§ Work to be completed
Starting with the line that contains "MT license plate 108253V" and stopping after the line that contains "LANVIN en Bleu", copy the entries below exactly. Include nothing else.

§ Material supplied

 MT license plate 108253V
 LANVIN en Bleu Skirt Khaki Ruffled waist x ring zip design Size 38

---

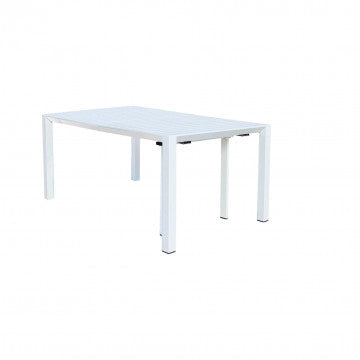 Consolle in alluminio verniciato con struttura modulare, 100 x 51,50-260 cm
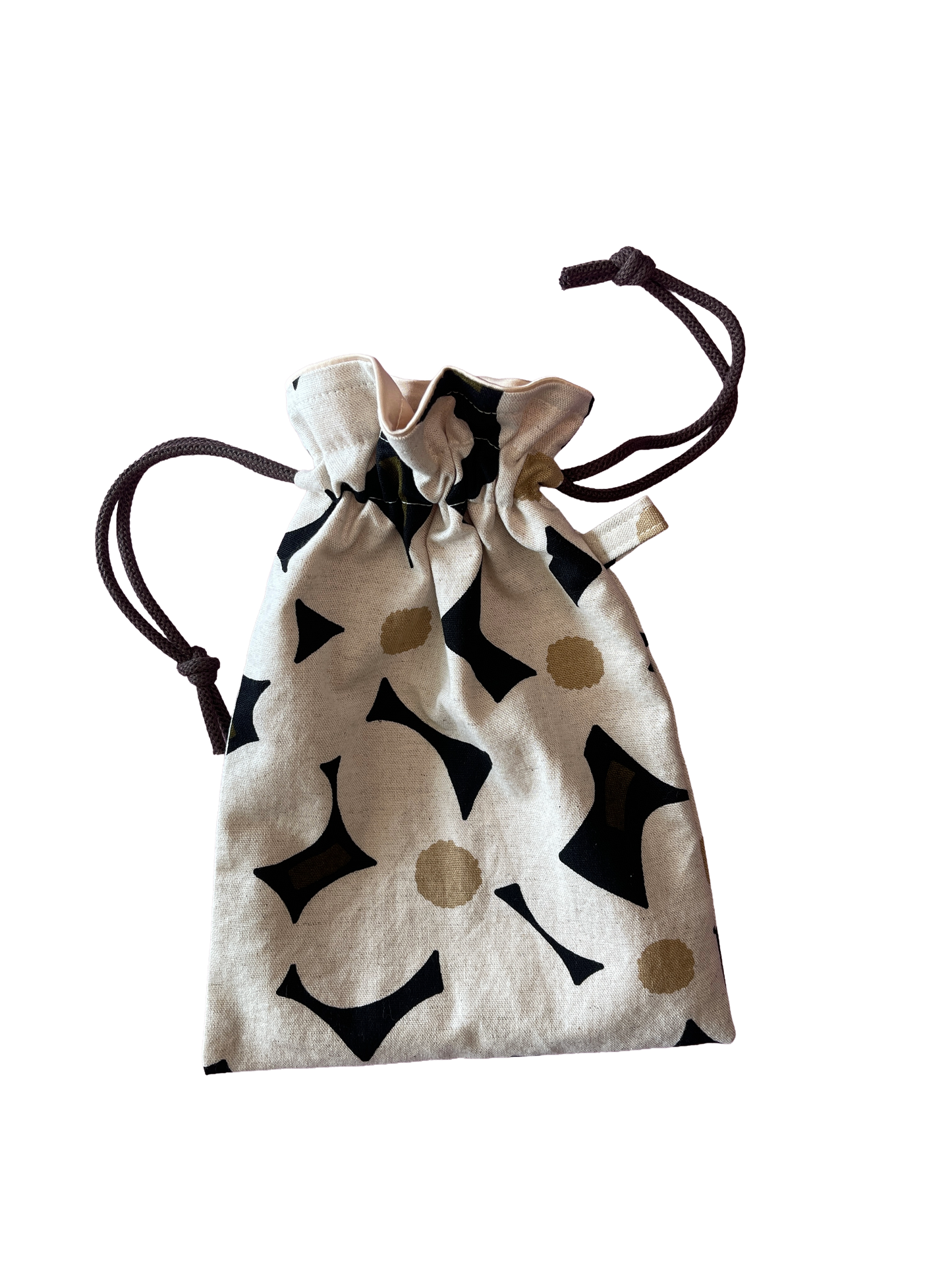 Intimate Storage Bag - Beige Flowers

--

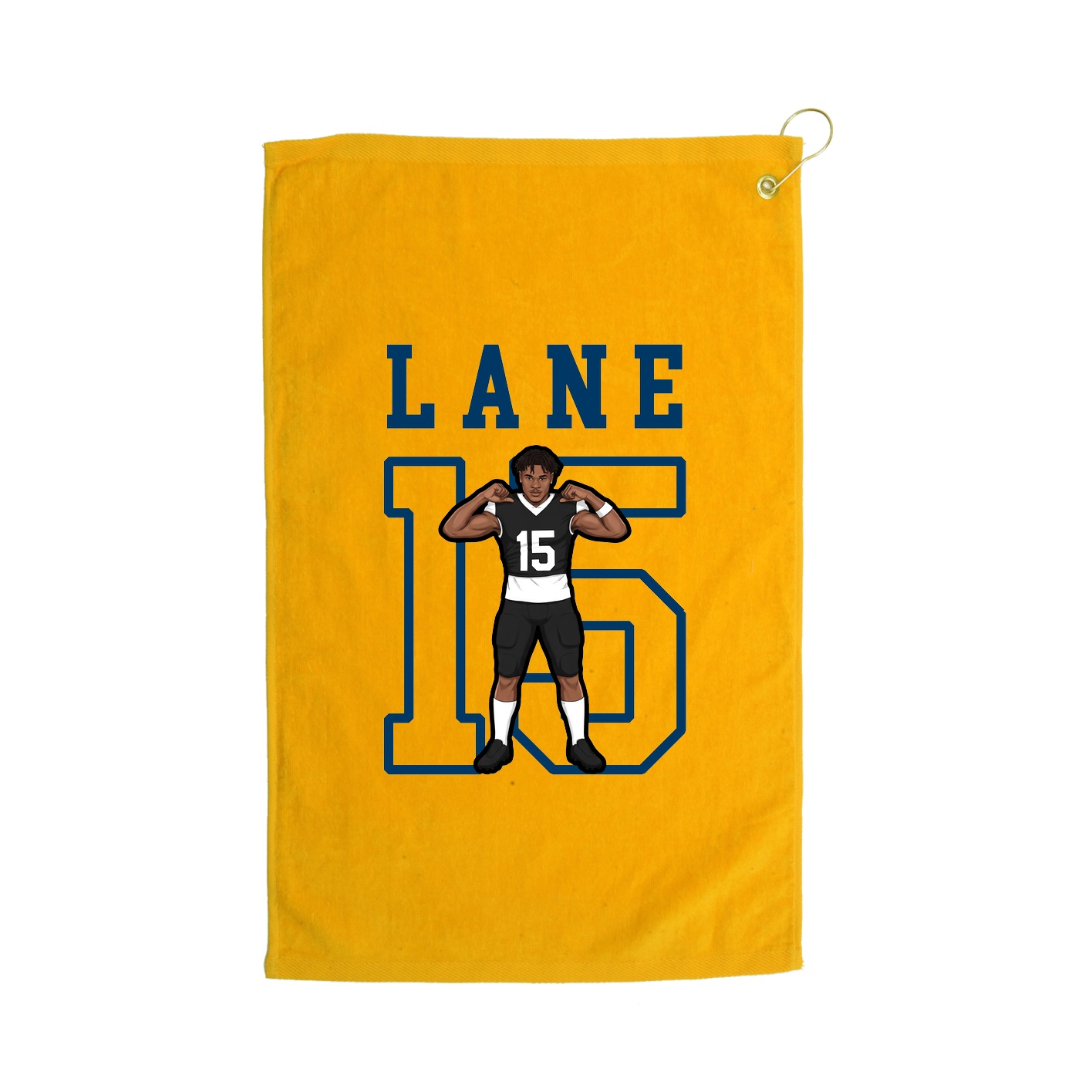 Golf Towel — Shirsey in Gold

§ Written solution
 MT license plate 108253V
 LANVIN en Bleu Skirt Khaki Ruffled waist x ring zip design Size 38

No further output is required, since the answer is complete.